*** Begin section ***

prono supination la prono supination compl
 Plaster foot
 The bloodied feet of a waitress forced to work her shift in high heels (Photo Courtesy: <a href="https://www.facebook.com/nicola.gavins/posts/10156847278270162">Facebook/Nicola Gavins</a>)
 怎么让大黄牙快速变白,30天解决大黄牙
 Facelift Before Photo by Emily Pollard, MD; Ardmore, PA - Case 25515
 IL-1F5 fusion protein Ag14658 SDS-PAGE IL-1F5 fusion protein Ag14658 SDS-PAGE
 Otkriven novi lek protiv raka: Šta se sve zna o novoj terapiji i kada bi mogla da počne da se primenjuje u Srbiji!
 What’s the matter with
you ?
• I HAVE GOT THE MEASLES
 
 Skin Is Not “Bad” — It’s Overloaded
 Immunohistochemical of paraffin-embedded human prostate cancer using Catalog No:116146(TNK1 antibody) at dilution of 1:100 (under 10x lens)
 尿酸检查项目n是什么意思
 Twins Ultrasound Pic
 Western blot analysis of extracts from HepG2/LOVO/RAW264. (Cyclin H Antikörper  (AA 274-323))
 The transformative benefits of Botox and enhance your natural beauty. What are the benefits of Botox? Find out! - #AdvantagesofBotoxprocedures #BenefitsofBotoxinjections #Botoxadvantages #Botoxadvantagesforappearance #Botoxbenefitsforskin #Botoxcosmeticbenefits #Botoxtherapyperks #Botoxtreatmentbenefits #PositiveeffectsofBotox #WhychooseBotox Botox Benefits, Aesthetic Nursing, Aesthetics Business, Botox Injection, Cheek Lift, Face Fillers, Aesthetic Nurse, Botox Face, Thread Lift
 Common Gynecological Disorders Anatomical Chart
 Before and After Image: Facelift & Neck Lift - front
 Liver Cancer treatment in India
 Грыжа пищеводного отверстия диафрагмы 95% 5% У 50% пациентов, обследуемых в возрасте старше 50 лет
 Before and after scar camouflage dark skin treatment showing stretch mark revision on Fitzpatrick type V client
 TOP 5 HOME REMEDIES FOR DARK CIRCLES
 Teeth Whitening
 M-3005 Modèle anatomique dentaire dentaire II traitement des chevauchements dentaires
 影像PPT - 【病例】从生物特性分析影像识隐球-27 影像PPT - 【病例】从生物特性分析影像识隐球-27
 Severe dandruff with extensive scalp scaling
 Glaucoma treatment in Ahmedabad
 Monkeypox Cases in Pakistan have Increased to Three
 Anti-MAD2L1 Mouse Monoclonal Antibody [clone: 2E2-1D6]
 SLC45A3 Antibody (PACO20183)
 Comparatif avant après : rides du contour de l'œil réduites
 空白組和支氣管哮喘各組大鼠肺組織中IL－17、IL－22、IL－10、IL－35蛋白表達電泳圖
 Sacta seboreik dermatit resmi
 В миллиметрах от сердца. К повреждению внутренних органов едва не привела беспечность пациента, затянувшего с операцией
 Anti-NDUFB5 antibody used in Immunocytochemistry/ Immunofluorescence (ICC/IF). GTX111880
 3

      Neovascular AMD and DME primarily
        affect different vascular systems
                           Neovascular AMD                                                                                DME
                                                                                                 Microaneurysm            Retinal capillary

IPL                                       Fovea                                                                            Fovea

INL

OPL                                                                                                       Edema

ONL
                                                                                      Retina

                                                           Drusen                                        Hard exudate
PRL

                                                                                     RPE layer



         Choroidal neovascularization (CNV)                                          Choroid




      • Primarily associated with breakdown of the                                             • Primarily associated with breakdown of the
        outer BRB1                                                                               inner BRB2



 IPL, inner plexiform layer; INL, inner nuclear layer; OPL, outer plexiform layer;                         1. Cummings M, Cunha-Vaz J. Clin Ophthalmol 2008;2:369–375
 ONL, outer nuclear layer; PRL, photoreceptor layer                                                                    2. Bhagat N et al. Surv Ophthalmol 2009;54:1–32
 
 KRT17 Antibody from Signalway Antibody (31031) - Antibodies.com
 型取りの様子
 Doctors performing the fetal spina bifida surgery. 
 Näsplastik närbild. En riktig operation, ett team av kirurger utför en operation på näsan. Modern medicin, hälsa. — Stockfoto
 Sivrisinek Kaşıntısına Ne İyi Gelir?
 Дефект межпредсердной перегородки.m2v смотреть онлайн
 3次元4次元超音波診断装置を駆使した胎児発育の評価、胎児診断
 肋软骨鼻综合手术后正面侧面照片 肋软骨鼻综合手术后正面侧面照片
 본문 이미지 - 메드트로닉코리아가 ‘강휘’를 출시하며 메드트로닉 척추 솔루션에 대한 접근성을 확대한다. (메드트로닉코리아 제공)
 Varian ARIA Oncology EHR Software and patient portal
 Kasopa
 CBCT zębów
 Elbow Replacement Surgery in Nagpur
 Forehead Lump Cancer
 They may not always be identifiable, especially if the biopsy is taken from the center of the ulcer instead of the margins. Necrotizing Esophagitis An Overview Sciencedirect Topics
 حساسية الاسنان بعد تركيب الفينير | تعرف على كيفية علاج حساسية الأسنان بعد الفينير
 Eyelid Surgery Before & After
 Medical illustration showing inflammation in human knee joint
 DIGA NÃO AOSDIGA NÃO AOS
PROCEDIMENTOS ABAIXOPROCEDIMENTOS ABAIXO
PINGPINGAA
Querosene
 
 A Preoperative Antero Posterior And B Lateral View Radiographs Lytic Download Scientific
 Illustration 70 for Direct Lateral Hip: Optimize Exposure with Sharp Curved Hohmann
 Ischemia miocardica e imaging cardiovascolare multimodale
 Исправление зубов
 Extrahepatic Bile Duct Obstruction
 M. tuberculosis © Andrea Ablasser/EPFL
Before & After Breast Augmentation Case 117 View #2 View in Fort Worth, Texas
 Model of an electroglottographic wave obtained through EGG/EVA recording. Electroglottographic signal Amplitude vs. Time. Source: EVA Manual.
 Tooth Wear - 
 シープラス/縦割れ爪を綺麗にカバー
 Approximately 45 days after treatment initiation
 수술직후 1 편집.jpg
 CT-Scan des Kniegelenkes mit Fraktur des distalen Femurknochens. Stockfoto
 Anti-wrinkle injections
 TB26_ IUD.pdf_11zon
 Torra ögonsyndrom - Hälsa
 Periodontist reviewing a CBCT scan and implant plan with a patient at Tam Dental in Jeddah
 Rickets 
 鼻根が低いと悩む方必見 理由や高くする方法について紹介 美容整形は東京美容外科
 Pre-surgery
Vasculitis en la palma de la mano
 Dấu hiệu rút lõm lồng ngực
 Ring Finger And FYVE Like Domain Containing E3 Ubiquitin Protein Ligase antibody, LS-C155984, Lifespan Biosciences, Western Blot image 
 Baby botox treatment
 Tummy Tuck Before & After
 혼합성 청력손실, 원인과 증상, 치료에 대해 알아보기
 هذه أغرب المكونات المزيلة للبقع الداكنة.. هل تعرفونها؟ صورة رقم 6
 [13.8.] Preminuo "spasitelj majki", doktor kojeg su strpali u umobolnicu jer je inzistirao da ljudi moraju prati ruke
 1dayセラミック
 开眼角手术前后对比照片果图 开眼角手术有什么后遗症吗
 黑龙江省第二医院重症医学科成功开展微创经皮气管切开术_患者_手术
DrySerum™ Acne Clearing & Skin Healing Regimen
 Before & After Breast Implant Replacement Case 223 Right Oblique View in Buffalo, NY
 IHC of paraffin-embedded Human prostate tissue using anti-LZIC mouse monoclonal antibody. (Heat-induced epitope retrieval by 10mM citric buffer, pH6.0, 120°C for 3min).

*** End section ***

Exercise prompt:
Copy out the whole listing, word for word.

Expected answer:
prono supination la prono supination compl
 Plaster foot
 The bloodied feet of a waitress forced to work her shift in high heels (Photo Courtesy: <a href="https://www.facebook.com/nicola.gavins/posts/10156847278270162">Facebook/Nicola Gavins</a>)
 怎么让大黄牙快速变白,30天解决大黄牙
 Facelift Before Photo by Emily Pollard, MD; Ardmore, PA - Case 25515
 IL-1F5 fusion protein Ag14658 SDS-PAGE IL-1F5 fusion protein Ag14658 SDS-PAGE
 Otkriven novi lek protiv raka: Šta se sve zna o novoj terapiji i kada bi mogla da počne da se primenjuje u Srbiji!
 What’s the matter with
you ?
• I HAVE GOT THE MEASLES
 
 Skin Is Not “Bad” — It’s Overloaded
 Immunohistochemical of paraffin-embedded human prostate cancer using Catalog No:116146(TNK1 antibody) at dilution of 1:100 (under 10x lens)
 尿酸检查项目n是什么意思
 Twins Ultrasound Pic
 Western blot analysis of extracts from HepG2/LOVO/RAW264. (Cyclin H Antikörper  (AA 274-323))
 The transformative benefits of Botox and enhance your natural beauty. What are the benefits of Botox? Find out! - #AdvantagesofBotoxprocedures #BenefitsofBotoxinjections #Botoxadvantages #Botoxadvantagesforappearance #Botoxbenefitsforskin #Botoxcosmeticbenefits #Botoxtherapyperks #Botoxtreatmentbenefits #PositiveeffectsofBotox #WhychooseBotox Botox Benefits, Aesthetic Nursing, Aesthetics Business, Botox Injection, Cheek Lift, Face Fillers, Aesthetic Nurse, Botox Face, Thread Lift
 Common Gynecological Disorders Anatomical Chart
 Before and After Image: Facelift & Neck Lift - front
 Liver Cancer treatment in India
 Грыжа пищеводного отверстия диафрагмы 95% 5% У 50% пациентов, обследуемых в возрасте старше 50 лет
 Before and after scar camouflage dark skin treatment showing stretch mark revision on Fitzpatrick type V client
 TOP 5 HOME REMEDIES FOR DARK CIRCLES
 Teeth Whitening
 M-3005 Modèle anatomique dentaire dentaire II traitement des chevauchements dentaires
 影像PPT - 【病例】从生物特性分析影像识隐球-27 影像PPT - 【病例】从生物特性分析影像识隐球-27
 Severe dandruff with extensive scalp scaling
 Glaucoma treatment in Ahmedabad
 Monkeypox Cases in Pakistan have Increased to Three
 Anti-MAD2L1 Mouse Monoclonal Antibody [clone: 2E2-1D6]
 SLC45A3 Antibody (PACO20183)
 Comparatif avant après : rides du contour de l'œil réduites
 空白組和支氣管哮喘各組大鼠肺組織中IL－17、IL－22、IL－10、IL－35蛋白表達電泳圖
 Sacta seboreik dermatit resmi
 В миллиметрах от сердца. К повреждению внутренних органов едва не привела беспечность пациента, затянувшего с операцией
 Anti-NDUFB5 antibody used in Immunocytochemistry/ Immunofluorescence (ICC/IF). GTX111880
 3

      Neovascular AMD and DME primarily
        affect different vascular systems
                           Neovascular AMD                                                                                DME
                                                                                                 Microaneurysm            Retinal capillary

IPL                                       Fovea                                                                            Fovea

INL

OPL                                                                                                       Edema

ONL
                                                                                      Retina

                                                           Drusen                                        Hard exudate
PRL

                                                                                     RPE layer



         Choroidal neovascularization (CNV)                                          Choroid




      • Primarily associated with breakdown of the                                             • Primarily associated with breakdown of the
        outer BRB1                                                                               inner BRB2



 IPL, inner plexiform layer; INL, inner nuclear layer; OPL, outer plexiform layer;                         1. Cummings M, Cunha-Vaz J. Clin Ophthalmol 2008;2:369–375
 ONL, outer nuclear layer; PRL, photoreceptor layer                                                                    2. Bhagat N et al. Surv Ophthalmol 2009;54:1–32
 
 KRT17 Antibody from Signalway Antibody (31031) - Antibodies.com
 型取りの様子
 Doctors performing the fetal spina bifida surgery. 
 Näsplastik närbild. En riktig operation, ett team av kirurger utför en operation på näsan. Modern medicin, hälsa. — Stockfoto
 Sivrisinek Kaşıntısına Ne İyi Gelir?
 Дефект межпредсердной перегородки.m2v смотреть онлайн
 3次元4次元超音波診断装置を駆使した胎児発育の評価、胎児診断
 肋软骨鼻综合手术后正面侧面照片 肋软骨鼻综合手术后正面侧面照片
 본문 이미지 - 메드트로닉코리아가 ‘강휘’를 출시하며 메드트로닉 척추 솔루션에 대한 접근성을 확대한다. (메드트로닉코리아 제공)
 Varian ARIA Oncology EHR Software and patient portal
 Kasopa
 CBCT zębów
 Elbow Replacement Surgery in Nagpur
 Forehead Lump Cancer
 They may not always be identifiable, especially if the biopsy is taken from the center of the ulcer instead of the margins. Necrotizing Esophagitis An Overview Sciencedirect Topics
 حساسية الاسنان بعد تركيب الفينير | تعرف على كيفية علاج حساسية الأسنان بعد الفينير
 Eyelid Surgery Before & After
 Medical illustration showing inflammation in human knee joint
 DIGA NÃO AOSDIGA NÃO AOS
PROCEDIMENTOS ABAIXOPROCEDIMENTOS ABAIXO
PINGPINGAA
Querosene
 
 A Preoperative Antero Posterior And B Lateral View Radiographs Lytic Download Scientific
 Illustration 70 for Direct Lateral Hip: Optimize Exposure with Sharp Curved Hohmann
 Ischemia miocardica e imaging cardiovascolare multimodale
 Исправление зубов
 Extrahepatic Bile Duct Obstruction
 M. tuberculosis © Andrea Ablasser/EPFL
Before & After Breast Augmentation Case 117 View #2 View in Fort Worth, Texas
 Model of an electroglottographic wave obtained through EGG/EVA recording. Electroglottographic signal Amplitude vs. Time. Source: EVA Manual.
 Tooth Wear - 
 シープラス/縦割れ爪を綺麗にカバー
 Approximately 45 days after treatment initiation
 수술직후 1 편집.jpg
 CT-Scan des Kniegelenkes mit Fraktur des distalen Femurknochens. Stockfoto
 Anti-wrinkle injections
 TB26_ IUD.pdf_11zon
 Torra ögonsyndrom - Hälsa
 Periodontist reviewing a CBCT scan and implant plan with a patient at Tam Dental in Jeddah
 Rickets 
 鼻根が低いと悩む方必見 理由や高くする方法について紹介 美容整形は東京美容外科
 Pre-surgery
Vasculitis en la palma de la mano
 Dấu hiệu rút lõm lồng ngực
 Ring Finger And FYVE Like Domain Containing E3 Ubiquitin Protein Ligase antibody, LS-C155984, Lifespan Biosciences, Western Blot image 
 Baby botox treatment
 Tummy Tuck Before & After
 혼합성 청력손실, 원인과 증상, 치료에 대해 알아보기
 هذه أغرب المكونات المزيلة للبقع الداكنة.. هل تعرفونها؟ صورة رقم 6
 [13.8.] Preminuo "spasitelj majki", doktor kojeg su strpali u umobolnicu jer je inzistirao da ljudi moraju prati ruke
 1dayセラミック
 开眼角手术前后对比照片果图 开眼角手术有什么后遗症吗
 黑龙江省第二医院重症医学科成功开展微创经皮气管切开术_患者_手术
DrySerum™ Acne Clearing & Skin Healing Regimen
 Before & After Breast Implant Replacement Case 223 Right Oblique View in Buffalo, NY
 IHC of paraffin-embedded Human prostate tissue using anti-LZIC mouse monoclonal antibody. (Heat-induced epitope retrieval by 10mM citric buffer, pH6.0, 120°C for 3min).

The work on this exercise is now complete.